In late September we set off from Lees Ferry and clawed our way West. And just days in, let’s just say, a few things went wrong. To my surprise it happened remarkably quickly, too. Fedarko and I shadowed a team led by canyoneering guru Rich Rudow doing a 56-day thru-hike. We planned to join them for just 15 days, but left even sooner due to unforeseen challenges that a sweltering September heat wave helped instigate (temps soared well above 100 degrees F for a week).
But during what I’d call an intense thrashing (physical and psychological) some valuable lessons emerged… for the next legs:
1. The Canyon respects no one. Period. It doesn’t matter how many “rodeos” you have done.
2. Weight kills. I never counted ounces before, but now I am fanatical. Ounces make pounds and pounds slow you down, creating more time between water access—and water is life. As thru-hiker Andrew Holycross told me, “You quickly learn to carry what you need, not what you want.” One problem, when documenting for Nat Geo. You need (and want) professional cameras, and solar panels, and batteries, etc.. This adds 10 to 12 pounds that other trekkers don’t worry about. That creates the question: Where to shave weight elsewhere—food, clothing, underwear?
3. Salt is key. And a lifesaver. Hyponatremia is a term I didn’t know when I started (rookie), but now I understand it too well. It’s not fun. Due to exertion, heat and sweating too much (I sweat like a pig), you deplete your salt levels too far and often make the situation worse by drinking excessive water thinking you are dehydrated because your body stops urinating to preserve salt. Dr. Tom Myers, a thru-hiker himself and first father/son team to hike the Big Ditch, told me after I limped from the canyon, I was close to flapping around with seizures and ending in a coma. Luckily, when I neared the unconscious phase, before seizures (wobbly and tunnel vision, two days after full body cramps), I was slightly restored thanks to some packs of soy sauce (high sodium). Thanks, Rich Rudow.

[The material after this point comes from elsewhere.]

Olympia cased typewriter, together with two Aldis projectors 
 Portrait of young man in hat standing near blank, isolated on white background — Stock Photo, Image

4. Blisters: Take ‘em seriously: I’ve never had problems before with my leather feet, but they can be the bane of your existence if they fester. Mine did, thanks to high temps, endless fine-grain sand filling my shoes and acting like sandpaper for miles of angled trail-less, exposed hiking. Despite bandages, moleskin, cutting away chunks of flesh, even duct tape wraps, nothing beat the sweaty infection recipe. One of my heel blisters infected its way to the bone, but I ignored it as I was too focused on not falling. Kevin endured worse. Not fun.

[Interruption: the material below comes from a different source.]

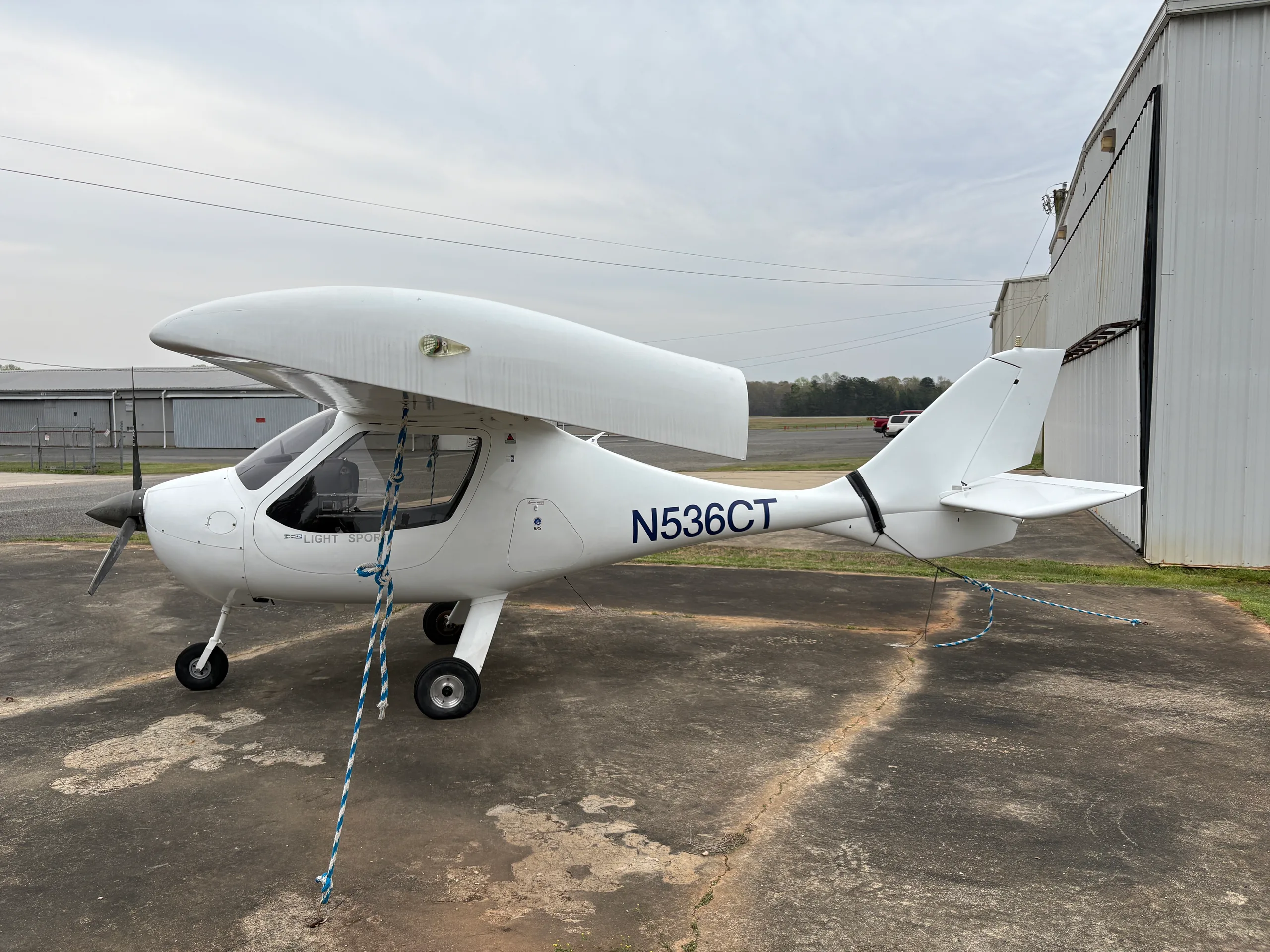 A white light sport aircraft, N536CT, is seen from the right side, parked on a tarmac next to a hangar.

5. Cactus: Avoid. Hiking gaiters help (we purchased some for this next leg). But if you can’t avoid them—impossible, really, during miles of trail-less desert terrain—then extract needles with aggression. I had a few cactus kisses and didn’t remove needles with enough vigor. Two weeks later, they worked into my ankle joint and required surgical removal. Also, not much fun.
6. Enjoying the “Grand” relates directly with how prepared you are (without adding weight–see #2). If you prepare properly, the canyon and its magical, secret world of ancient rock and wonderous wildlife, may speak to you (amidst occasional pain caves). If you are ill prepared, then expect the canyon scream. My ears (and ego) still hurt from 60 miles of canyon screaming on our first leg.
Just 540 miles to go… prepare, prepare, prepare. Back to the scale to weigh ounces.